Restate all entries exactly. Skip the images.
+ + + + +
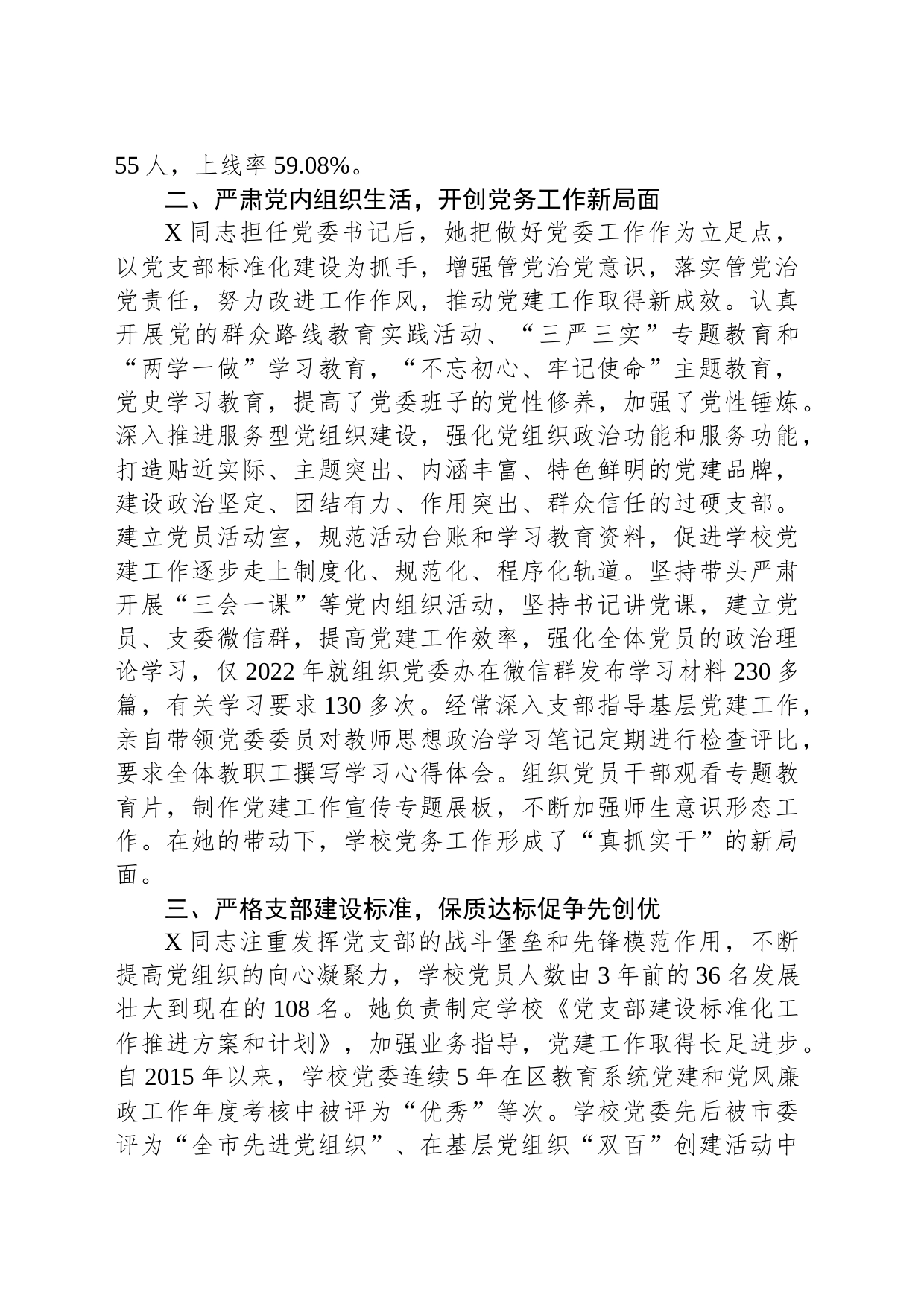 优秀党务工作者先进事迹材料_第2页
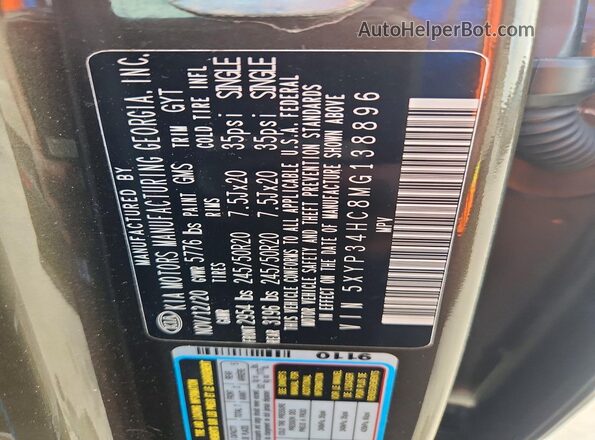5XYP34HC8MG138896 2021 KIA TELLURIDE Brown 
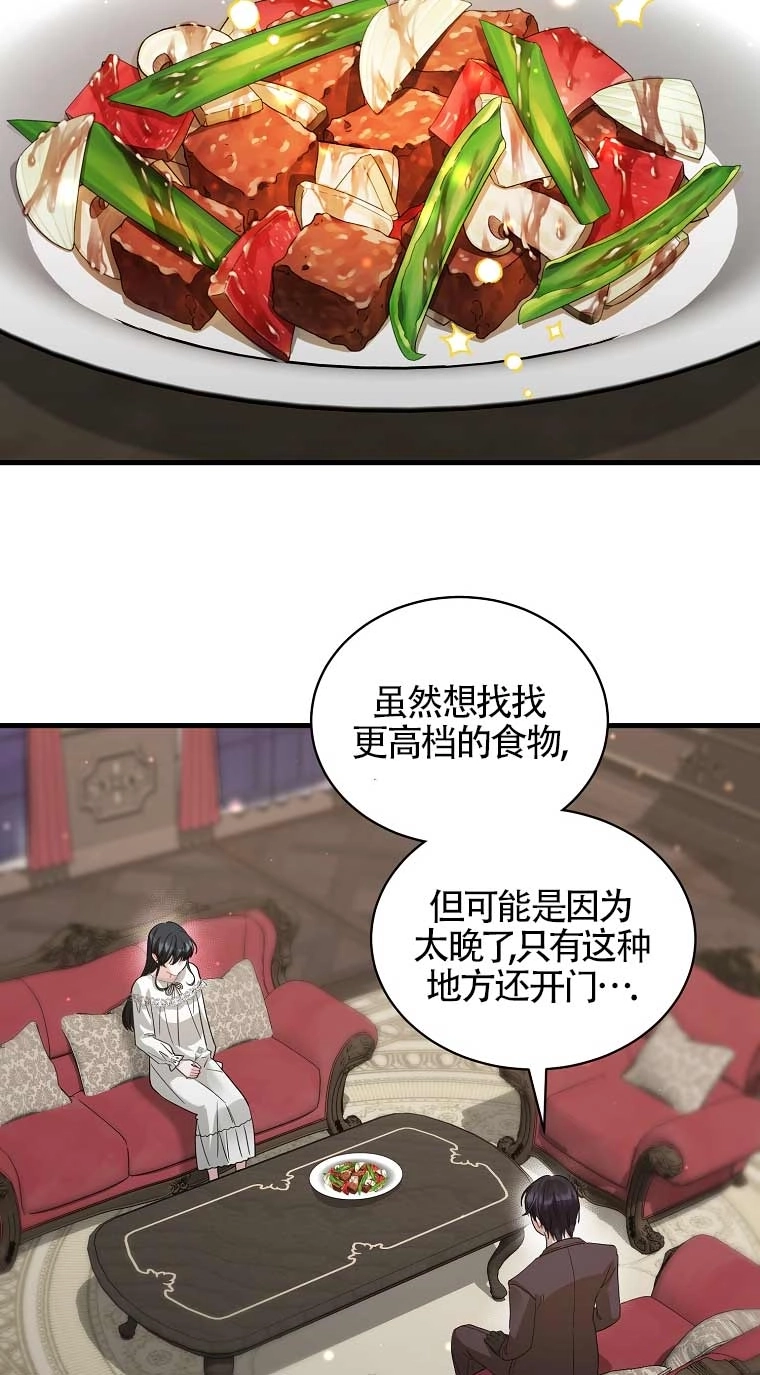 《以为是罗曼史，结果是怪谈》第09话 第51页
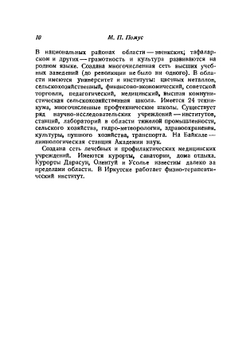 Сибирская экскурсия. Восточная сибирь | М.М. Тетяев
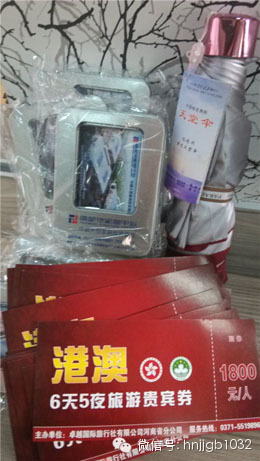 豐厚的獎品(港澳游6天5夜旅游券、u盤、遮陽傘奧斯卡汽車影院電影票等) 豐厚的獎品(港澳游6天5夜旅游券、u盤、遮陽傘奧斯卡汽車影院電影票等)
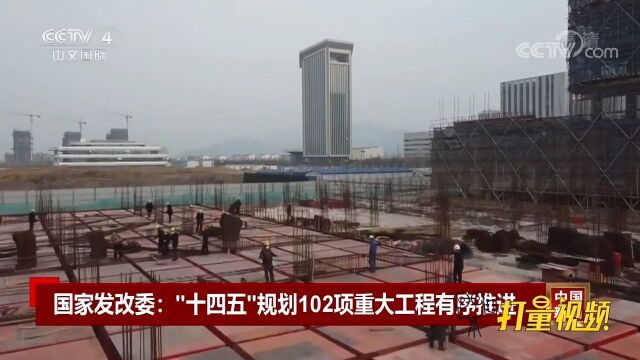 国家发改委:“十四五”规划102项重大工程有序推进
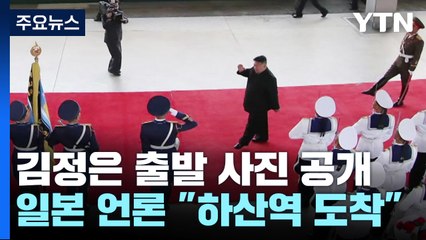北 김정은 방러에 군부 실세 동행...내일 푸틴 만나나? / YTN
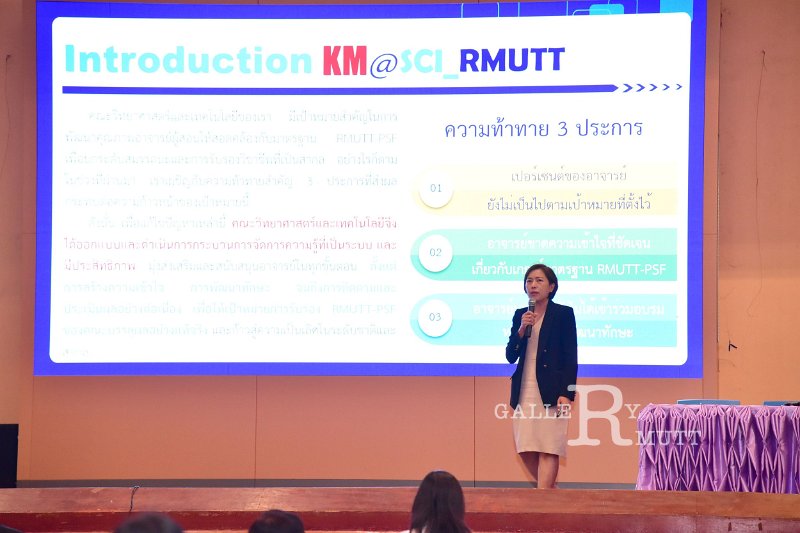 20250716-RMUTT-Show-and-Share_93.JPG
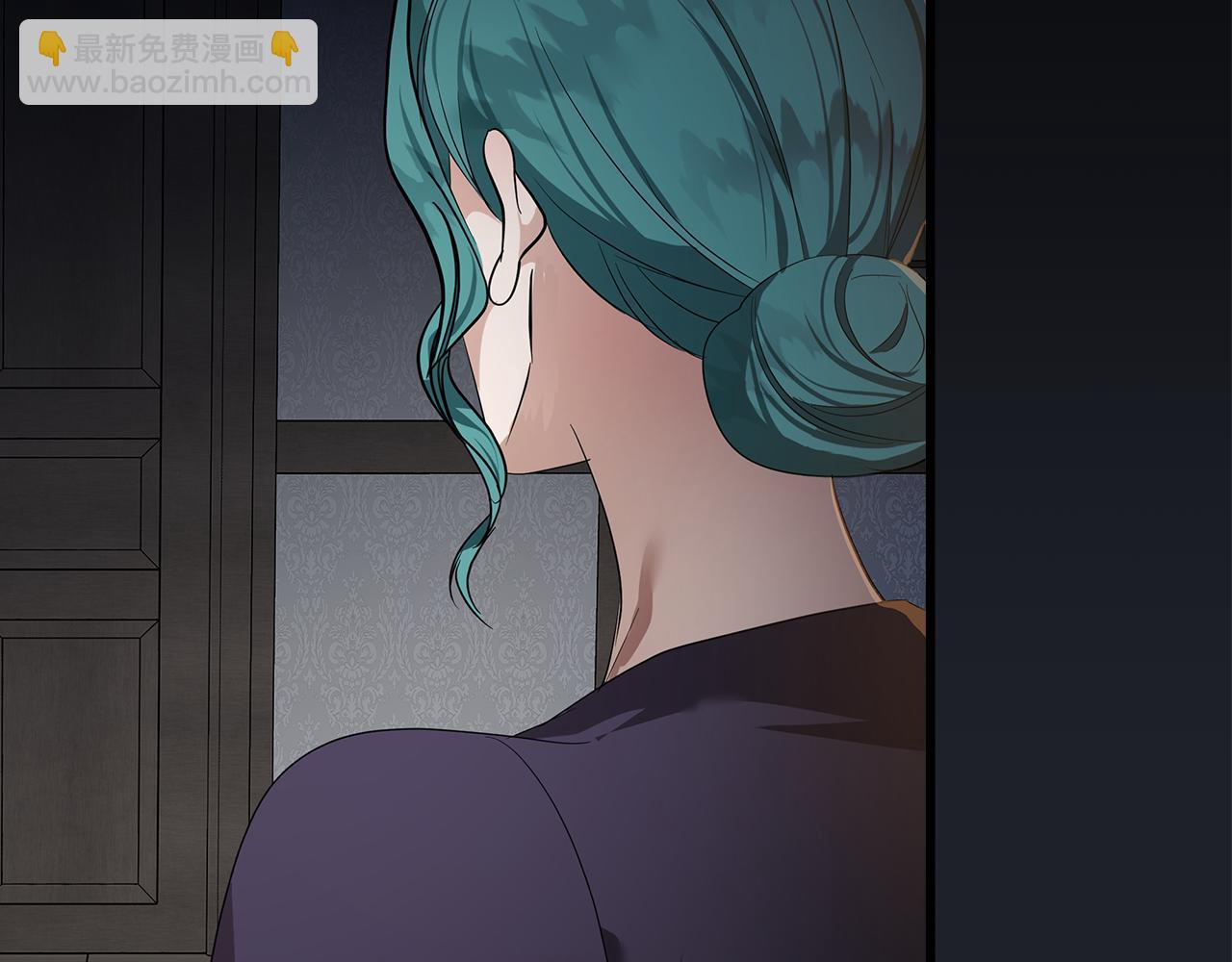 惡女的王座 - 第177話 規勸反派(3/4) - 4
+ + + + +
◆ Exercise answer:
 优秀党务工作者先进事迹材料_第2页
5XYP34HC8MG138896 2021 KIA TELLURIDE Brown 
 《以为是罗曼史，结果是怪谈》第09话 第51页
 Сибирская экскурсия. Восточная сибирь | М.М. Тетяев
 豐厚的獎品(港澳游6天5夜旅游券、u盤、遮陽傘奧斯卡汽車影院電影票等) 豐厚的獎品(港澳游6天5夜旅游券、u盤、遮陽傘奧斯卡汽車影院電影票等)
 国家发改委:“十四五”规划102项重大工程有序推进
北 김정은 방러에 군부 실세 동행...내일 푸틴 만나나? / YTN
 20250716-RMUTT-Show-and-Share_93.JPG
 惡女的王座 - 第177話 規勸反派(3/4) - 4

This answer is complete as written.